Anläßlich der Jubiläumsausgabe präsentiert Manfred Prescher die Tracks 11 bis 20 seiner fiktiven Country-Compilation. Yeeha!    26.10.2009

Man kennt das ja: Langsam quält man sich aus dem Bett - und noch ehe man sich damit beschäftigen kann, mit Schwung und Elan in den Tag einzugreifen, wird man schon überrollt. Unter der Dusche, beim Rasieren, beim Frühstücken, im Auto: Immer hat man dieses eine Lied auf den Lippen, summt es vor sich hin, nervt damit die Umgebung. Dabei weiß man nicht mal, wie es dieses Miststück von Song überhaupt geschafft hat, die Geschmackskontrollen zu überwinden. In dieser Kolumne geht es um solch perfide Lieder.

 

Am Anfang schuf Gott das "Miststück" - und nun wird es bereits 175 Ausgaben alt.

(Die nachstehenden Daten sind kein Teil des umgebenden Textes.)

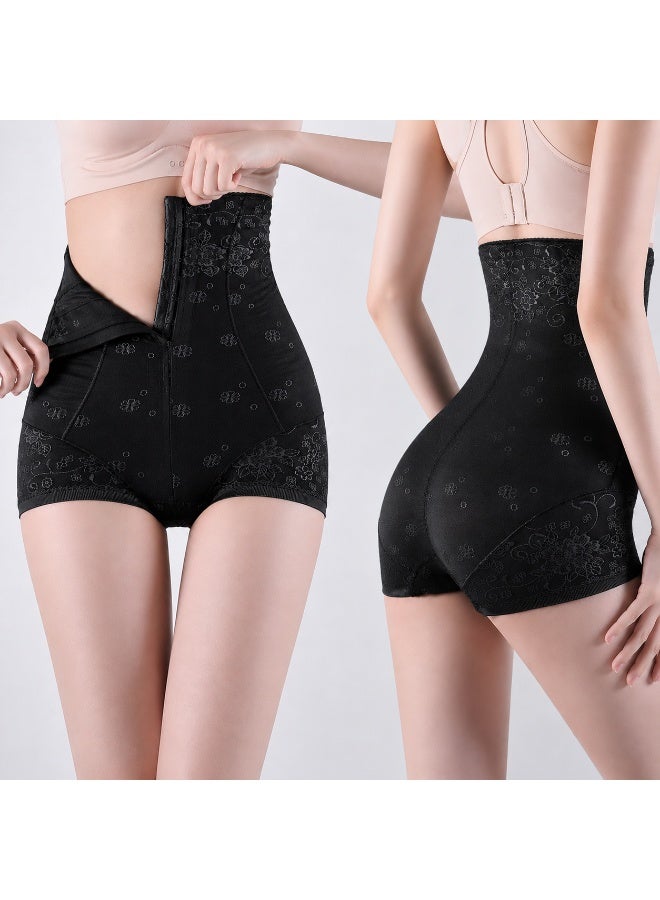 SHOWDAY Women's High-Waisted Tummy Control Shapewear Panty with Zipper and Hook Closure, Waist Trainer Body Shaper, M-XXXL - Image 1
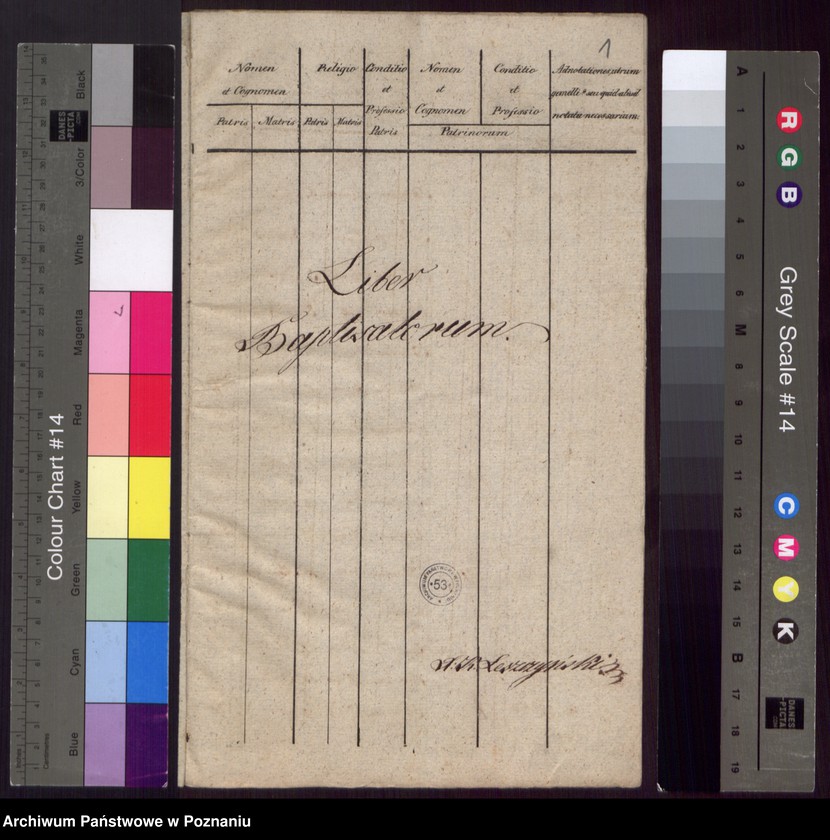 Obraz 3 z jednostki "Liber Metrices Baptisatorum, Copulatorum et Mortuorum."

Wir feiern dieses Ereignis von fast schon biblischer Tragweite mit einem Blick auf eine Musikrichtung, die ebenfalls schon lange nicht mehr neu ist. Lesen Sie hier den ersten Teil.


Redaktioneller Hinweis: Lesen Sie auch Manfred Preschers E-Book für die Ewigkeit: Verdammtes Miststück! Die ersten 200 Pop-Kolumnen aus dem EVOLVER

Manfred Prescher

11. Patsy Cline - I Fall To Pieces (1961)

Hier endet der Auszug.